This repository hosts the analysis scripts and pipeline associated with the paper published in:
Jia Zhang, Ho Yi Wong, Lingchen Liu, Lambros T Koufariotis, Scott Wood, Nadine Fitzpatrick, Jenny Quiatchon, Paul Collins, John V Pearson, Nicola Waddell, Cancer genome standards for long-read sequencing using cancer cell line mixtures, GigaScience, Volume 15, 2026, giag037, https://doi.org/10.1093/gigascience/giag037
In this study, we evaluated the performance of long-read sequencing (LRS) for detecting somatic variants across a range of tumor purities and sequencing depths, comparing results to short-read sequencing. We generated 22 whole-genome sequencing datasets from controlled mixtures of cancer and matched normal cell lines (0%–100% tumor purity). This design enabled benchmarking of LRS-based somatic variant detection under realistic scenarios.

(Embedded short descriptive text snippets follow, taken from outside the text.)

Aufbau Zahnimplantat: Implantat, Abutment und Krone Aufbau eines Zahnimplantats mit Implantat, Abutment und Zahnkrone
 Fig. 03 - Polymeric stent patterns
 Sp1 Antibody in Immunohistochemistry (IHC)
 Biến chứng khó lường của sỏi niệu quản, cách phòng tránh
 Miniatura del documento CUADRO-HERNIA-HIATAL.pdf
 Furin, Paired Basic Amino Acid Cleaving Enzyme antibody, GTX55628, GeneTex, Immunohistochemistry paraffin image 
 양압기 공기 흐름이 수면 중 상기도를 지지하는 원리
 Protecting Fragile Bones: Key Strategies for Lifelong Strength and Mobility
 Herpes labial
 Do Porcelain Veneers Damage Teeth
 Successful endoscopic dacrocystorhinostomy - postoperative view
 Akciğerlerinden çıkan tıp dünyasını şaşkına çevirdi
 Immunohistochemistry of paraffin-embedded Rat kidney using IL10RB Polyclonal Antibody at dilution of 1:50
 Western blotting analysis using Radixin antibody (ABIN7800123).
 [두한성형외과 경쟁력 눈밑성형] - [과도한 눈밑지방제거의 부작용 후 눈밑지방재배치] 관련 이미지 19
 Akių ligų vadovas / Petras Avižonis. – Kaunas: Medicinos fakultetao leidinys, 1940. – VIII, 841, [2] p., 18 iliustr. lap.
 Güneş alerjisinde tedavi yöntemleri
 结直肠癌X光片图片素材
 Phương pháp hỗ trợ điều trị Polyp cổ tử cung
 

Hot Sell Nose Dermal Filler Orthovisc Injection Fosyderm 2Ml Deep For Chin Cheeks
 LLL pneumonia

- Base calling and read alignment for cell line mixtures
- Sequencing depth combinations
- Variant calling
- QC and purity check: Rmd file purity_and_qc.Rmd
- Construct gold standard: Rmd file gold_standard.Rmd
- Tumour purity affects SNV and indel calling: Rmd file benchmark_snv_calling.Rmd
- Tumour purity affects SV calling: Rmd file benchmark_sv_calling.Rmd
- Sequencing depth affects SNV and indel calling: Rmd file benchmark_snv_calling.Rmd
- Sequencing depth affects SV calling: Rmd file benchmark_sv_calling.Rmd
- Mutational signature analysis: Rmd file snv_mutational_signature.Rmd
- Genomic regions of variants: Rmd file genome_regions.Rmd
- Germline leakage against tumour purity and read depth: Rmd file germline_leakage.Rmd
- SV type and length in LRS: Rmd file lr_unique_length_type.Rmd
- Sequencing depth check: Rmd file depth_check.Rmd
- Methylation analysis: Rmd file methylation_analysis.Rmd
- Circos plot: Rmd file circos_plots.Rmd
- IGV check
- SNV calling Intersection: Rmd file ensembl_snv.Rmd
- Align with CHM13-T2T assembly: Rmd file t2t_snv.Rmd
- Simulation from synthetic genome: Rmd file simulation.Rmd
Each section above is available as a processed Markdown (.md) file.
Clicking on the links will open web-readable pages that include
explanatory text, selected commands, plots, and tables. The underlying
code used to generate these outputs is provided in the corresponding R
Markdown (.Rmd) files. Specifically, code and input data used to
generate each figure in the manuscript are listed here
For R environment details, see the R Session Info page.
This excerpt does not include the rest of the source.